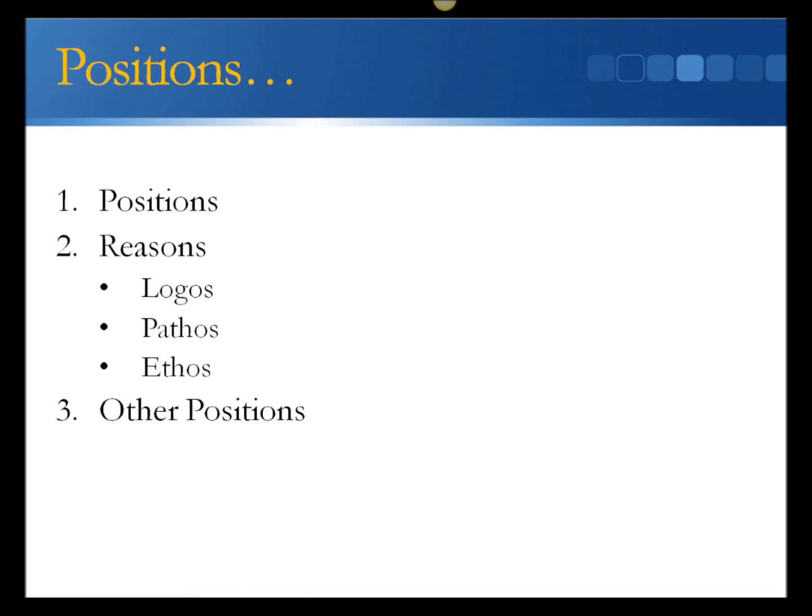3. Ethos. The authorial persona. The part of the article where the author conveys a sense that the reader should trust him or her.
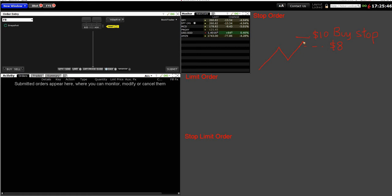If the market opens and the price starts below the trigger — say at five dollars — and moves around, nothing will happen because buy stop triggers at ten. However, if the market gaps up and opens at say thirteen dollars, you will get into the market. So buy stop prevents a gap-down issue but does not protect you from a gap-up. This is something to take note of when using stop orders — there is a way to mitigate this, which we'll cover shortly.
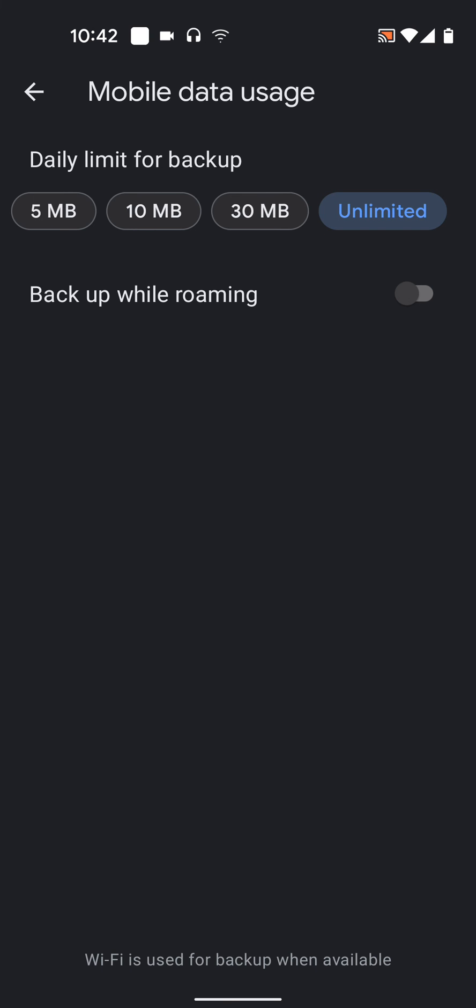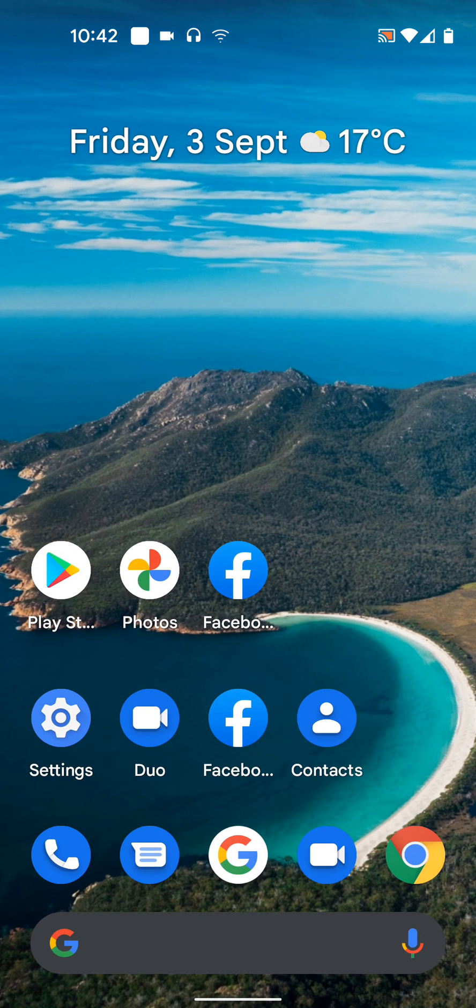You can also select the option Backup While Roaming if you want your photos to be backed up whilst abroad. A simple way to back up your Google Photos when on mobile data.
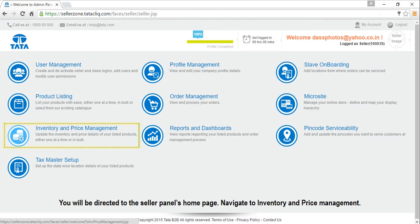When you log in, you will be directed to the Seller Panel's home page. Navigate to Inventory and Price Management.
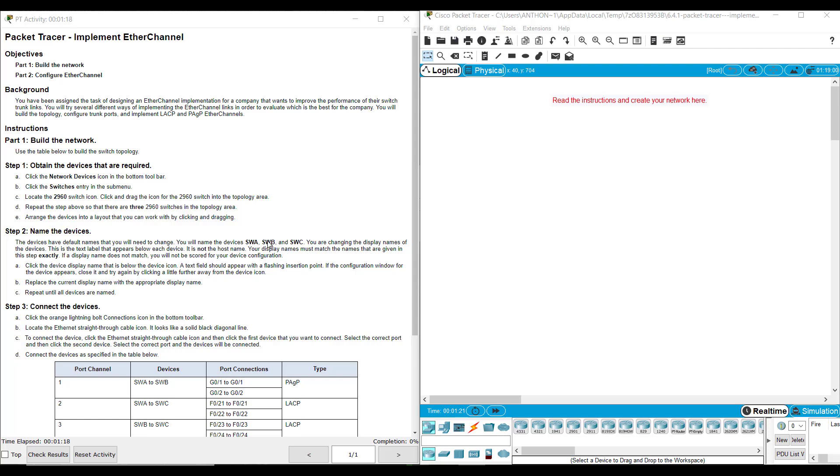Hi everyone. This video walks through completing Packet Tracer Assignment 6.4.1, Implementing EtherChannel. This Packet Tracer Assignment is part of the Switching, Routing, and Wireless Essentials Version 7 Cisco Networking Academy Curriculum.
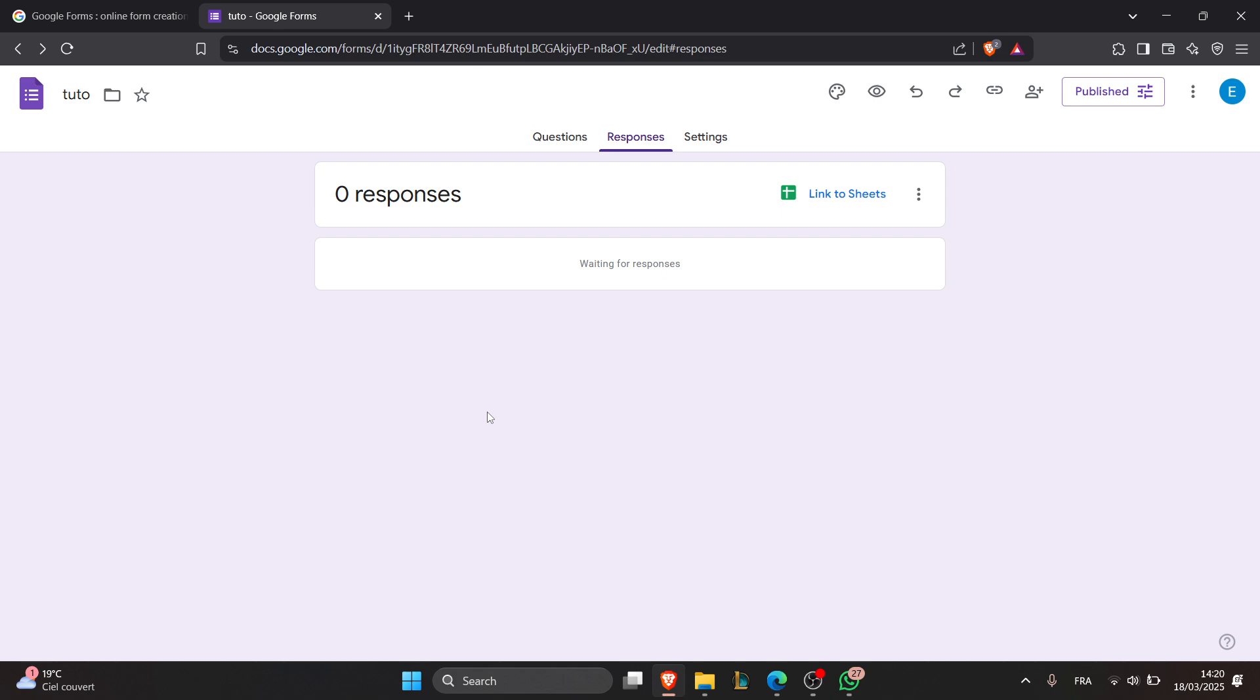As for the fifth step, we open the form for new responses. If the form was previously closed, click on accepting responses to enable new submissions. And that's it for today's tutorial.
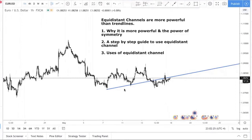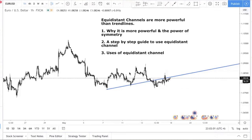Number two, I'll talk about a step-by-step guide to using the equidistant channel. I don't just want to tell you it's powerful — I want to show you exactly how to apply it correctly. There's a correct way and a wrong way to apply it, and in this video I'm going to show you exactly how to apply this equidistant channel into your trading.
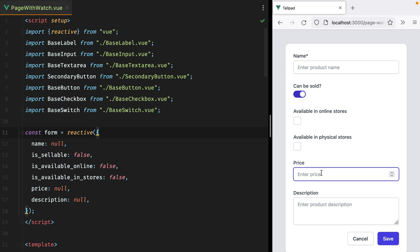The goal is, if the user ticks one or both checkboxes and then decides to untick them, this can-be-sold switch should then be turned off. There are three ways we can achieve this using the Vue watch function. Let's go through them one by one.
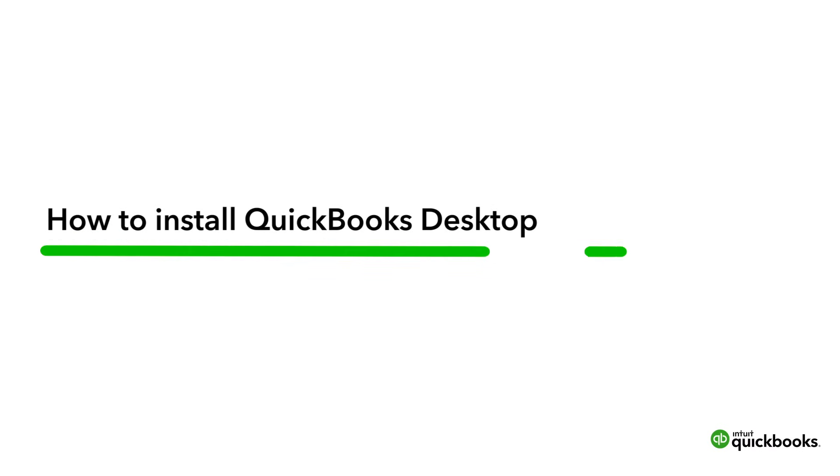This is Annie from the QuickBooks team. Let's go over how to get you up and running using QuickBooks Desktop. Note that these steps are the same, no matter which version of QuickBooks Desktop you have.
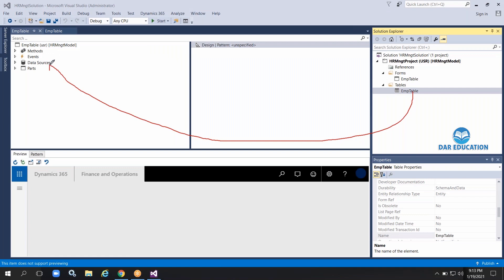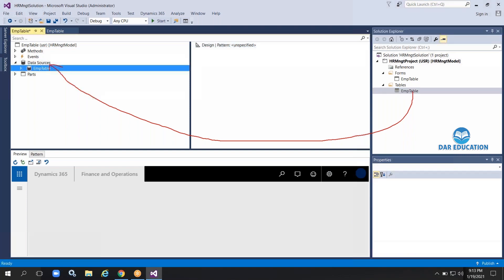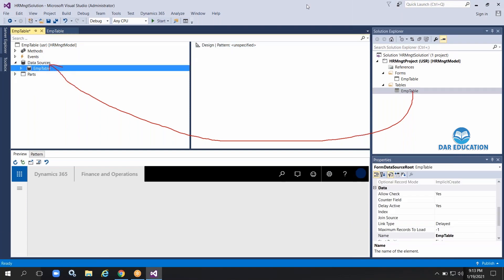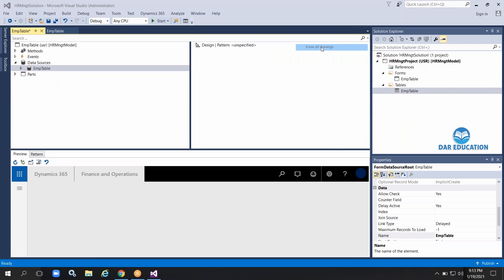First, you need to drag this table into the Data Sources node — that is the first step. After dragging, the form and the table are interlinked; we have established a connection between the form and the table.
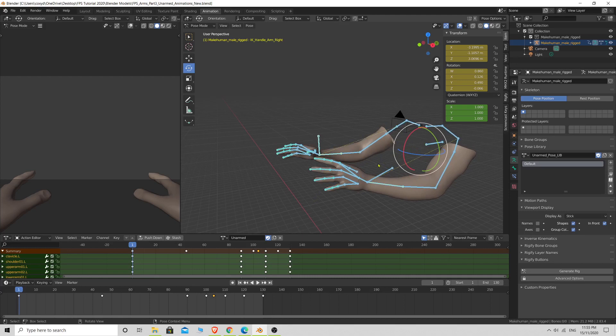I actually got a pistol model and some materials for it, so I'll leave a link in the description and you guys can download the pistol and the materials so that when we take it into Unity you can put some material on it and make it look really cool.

-------

Reproduce the data above word for word, but leave the images out.

3. Ethos. The authorial persona. The part of the article where the author conveys a sense that the reader should trust him or her.
If the market opens and the price starts below the trigger — say at five dollars — and moves around, nothing will happen because buy stop triggers at ten. However, if the market gaps up and opens at say thirteen dollars, you will get into the market. So buy stop prevents a gap-down issue but does not protect you from a gap-up. This is something to take note of when using stop orders — there is a way to mitigate this, which we'll cover shortly.
You can also select the option Backup While Roaming if you want your photos to be backed up whilst abroad. A simple way to back up your Google Photos when on mobile data.
When you log in, you will be directed to the Seller Panel's home page. Navigate to Inventory and Price Management.
Hi everyone. This video walks through completing Packet Tracer Assignment 6.4.1, Implementing EtherChannel. This Packet Tracer Assignment is part of the Switching, Routing, and Wireless Essentials Version 7 Cisco Networking Academy Curriculum.
As for the fifth step, we open the form for new responses. If the form was previously closed, click on accepting responses to enable new submissions. And that's it for today's tutorial.
Number two, I'll talk about a step-by-step guide to using the equidistant channel. I don't just want to tell you it's powerful — I want to show you exactly how to apply it correctly. There's a correct way and a wrong way to apply it, and in this video I'm going to show you exactly how to apply this equidistant channel into your trading.
The goal is, if the user ticks one or both checkboxes and then decides to untick them, this can-be-sold switch should then be turned off. There are three ways we can achieve this using the Vue watch function. Let's go through them one by one.
This is Annie from the QuickBooks team. Let's go over how to get you up and running using QuickBooks Desktop. Note that these steps are the same, no matter which version of QuickBooks Desktop you have.
First, you need to drag this table into the Data Sources node — that is the first step. After dragging, the form and the table are interlinked; we have established a connection between the form and the table.
I actually got a pistol model and some materials for it, so I'll leave a link in the description and you guys can download the pistol and the materials so that when we take it into Unity you can put some material on it and make it look really cool.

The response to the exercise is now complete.